[GIVEN ENTRIES]

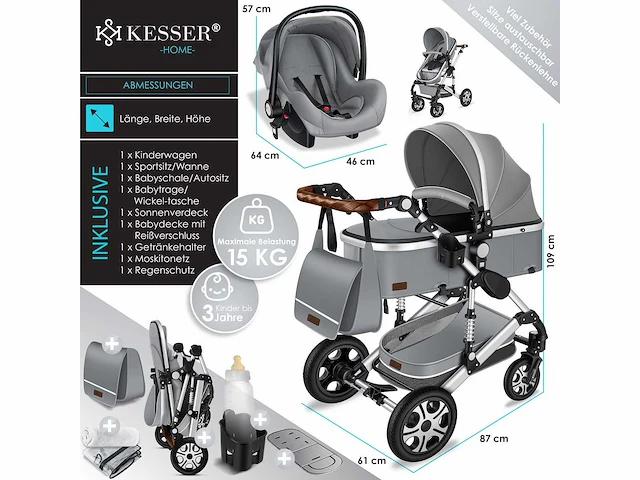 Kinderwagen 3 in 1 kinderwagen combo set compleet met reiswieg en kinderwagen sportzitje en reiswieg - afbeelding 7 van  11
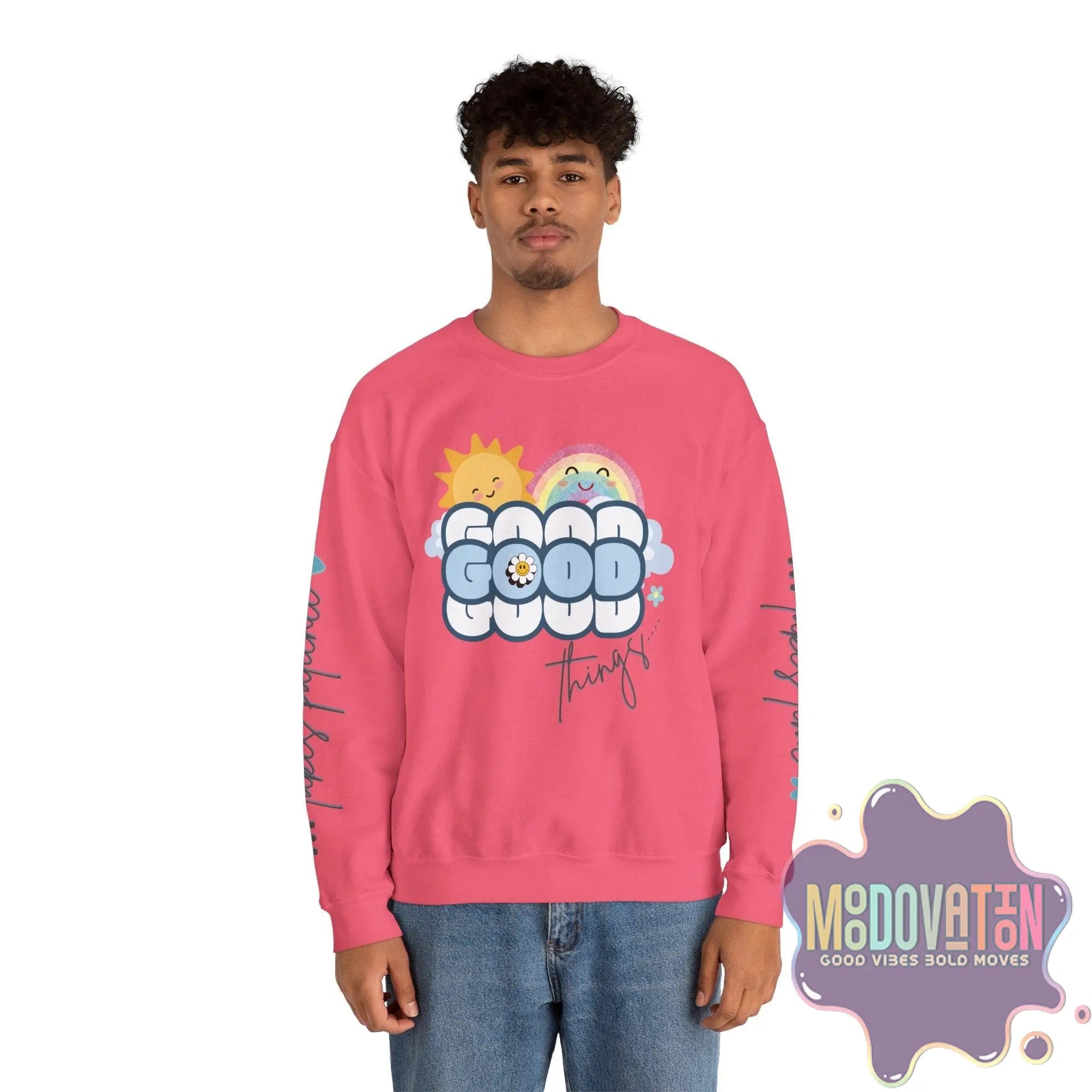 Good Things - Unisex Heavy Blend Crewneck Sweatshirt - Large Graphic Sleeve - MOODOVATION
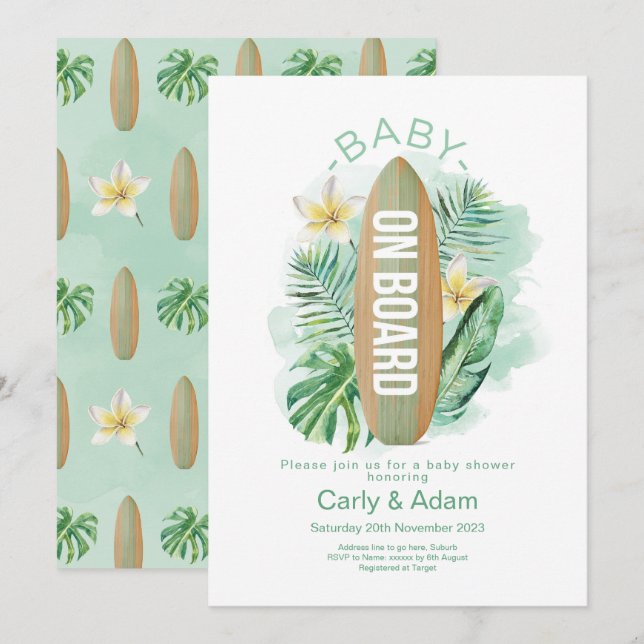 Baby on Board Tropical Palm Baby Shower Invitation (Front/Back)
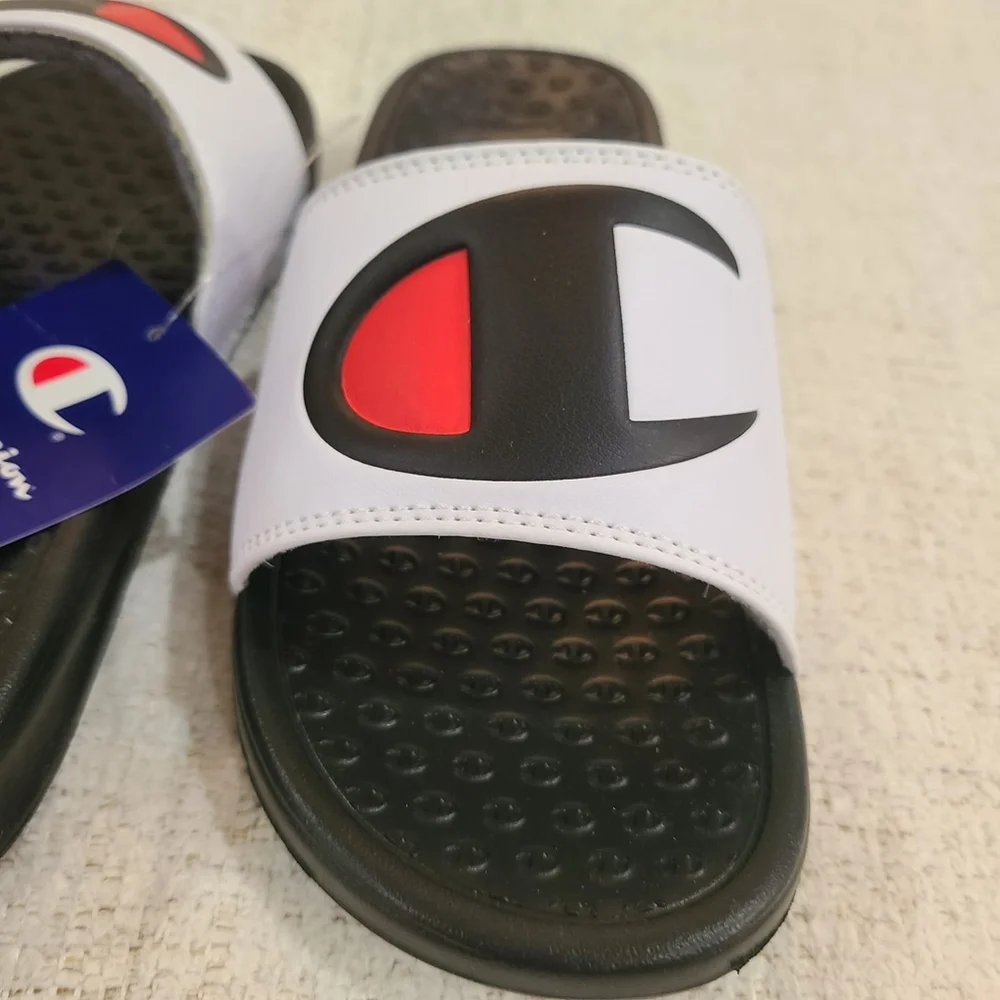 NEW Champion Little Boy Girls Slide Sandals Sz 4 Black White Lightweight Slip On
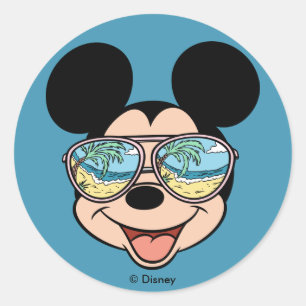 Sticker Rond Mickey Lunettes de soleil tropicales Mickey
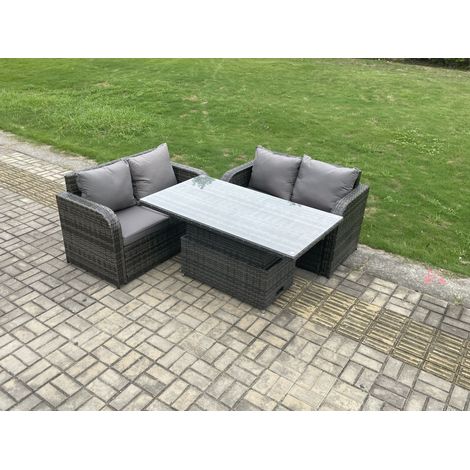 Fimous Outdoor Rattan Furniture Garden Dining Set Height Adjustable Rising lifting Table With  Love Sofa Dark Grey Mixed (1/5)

[/GIVEN ENTRIES]

• _WHAT THE TASK REQUIRES_:
Beginning at the line that holds "Sticker Rond Mickey" and ending with the last line of the entries, please set down each line exactly, leaving every picture out.

• _SOLUTION TO THE EXERCISE_:
 Sticker Rond Mickey Lunettes de soleil tropicales Mickey
 Fimous Outdoor Rattan Furniture Garden Dining Set Height Adjustable Rising lifting Table With  Love Sofa Dark Grey Mixed (1/5)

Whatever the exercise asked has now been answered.